A ida de José Manuel Durão Barroso para o Goldman Sachs suscitou muitas críticas, incluindo de líderes europeus como o Presidente francês, François Hollande, e uma petição impulsionada por funcionários das instituições europeias, que reuniu mais de 150 mil assinaturas, a reclamar “medidas fortes” para pôr fim à chamada “porta giratória” em Bruxelas (a passagem de antigos comissários para cargos no setor privado que coloquem em causa a reputação das instituições da UE).
Após Juncker ter decidido solicitar um parecer ao comité de ética, ao abrigo do artigo n.º 245 do Tratado de Funcionamento da União Europeia, que exige aos comissários e ex-comissários “o total respeito pelos princípios de discrição e integridade”, o comité estudou a troca de correspondência verificada, incluindo uma carta com explicações enviada por Durão Barroso ao atual presidente da Comissão, datada de 18 de setembro, na qual o antigo primeiro-ministro português nega que vá fazer lóbi na Goldman Sachs, nem tão-pouco irá ser conselheiro para as negociações relacionadas com a saída do Reino Unido da UE (Brexit), como inicialmente noticiado.

Recordando que a ida de Durão Barroso para o Goldman Sachs suscitou muitas críticas e reações tempestivas nos órgãos de comunicação social, sobretudo por o banco de investimento norte-americano ser visto como “o expoente de um banco de investimento agressivo”, particularmente criticado pelo seu papel na génese da crise financeira e por ter ajudado a ocultar as contas da verdadeira dívida da Grécia, o comité de ética considera que, “de facto, o sr. Barroso deveria ter tido noção de que iria provocar críticas e arriscava causar danos de reputação à Comissão e à União de uma forma mais geral”.

“Justificado ou não, este dano agora já foi feito. No entanto, o comité deve pronunciar-se não sobre a natureza sensata ou condenável da ação em questão, mas sobre se o sr.

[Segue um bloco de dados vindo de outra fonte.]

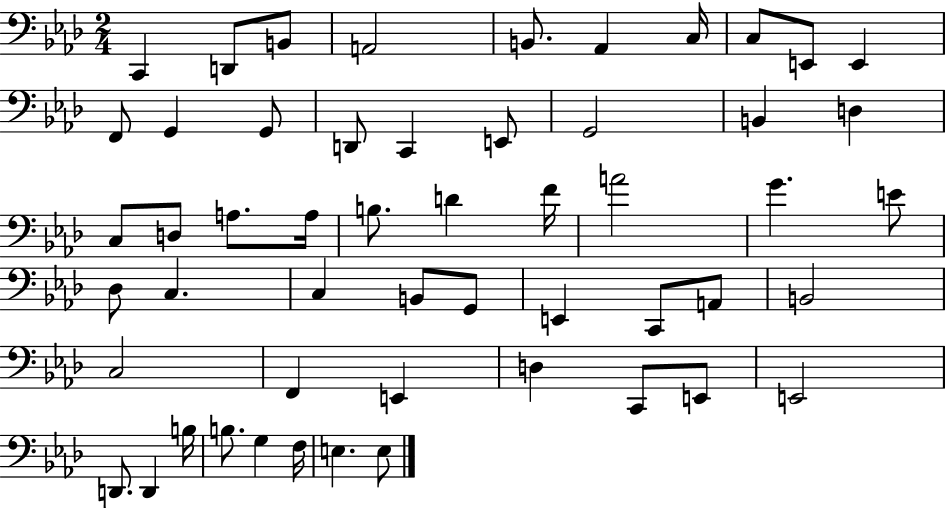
C2/q D2/e B2/e A2/h B2/e. Ab2/q C3/s C3/e E2/e E2/q F2/e G2/q G2/e D2/e C2/q E2/e G2/h B2/q D3/q C3/e D3/e A3/e. A3/s B3/e. D4/q F4/s A4/h G4/q. E4/e Db3/e C3/q. C3/q B2/e G2/e E2/q C2/e A2/e B2/h C3/h F2/q E2/q D3/q C2/e E2/e E2/h D2/e. D2/q B3/s B3/e. G3/q F3/s E3/q. E3/e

Barroso violou as suas obrigações legais relativamente ao dever de integridade e discrição”, sublinha o comité.
“Capitalismo agressivo”
Para este painel de ética, o simples facto de a escolha de Durão Barroso ter provocado tanta agitação, causando danos à reputação da Comissão e da UE, pode ser um indicador relevante de uma violação dos seus deveres, “mas por si só não é suficiente”, até porque, lembra o comité, o “Goldman Sachs pode ser considerado na vanguarda do capitalismo agressivo, mas enquanto respeitar a lei não é contra a lei aceitar um cargo no banco”.

Embora insista que José Manuel Durão Barroso não revelou o bom senso que se exigia de alguém que foi presidente da Comissão durante dez anos, o comité de ética conclui que, atendendo às informações prestadas pelo antigo governante sobre as responsabilidades na Goldman Sachs e aos princípios definidos no código de conduta dos comissários, “não encontrou bases [legais] suficientes para estabelecer uma violação do dever de integridade e discrição”.

Caso o comité de ética concluísse que tinha havido violação do Tratado, Durão Barroso poderia incorrer em sanções financeiras, a serem determinadas pelo Tribunal de Justiça.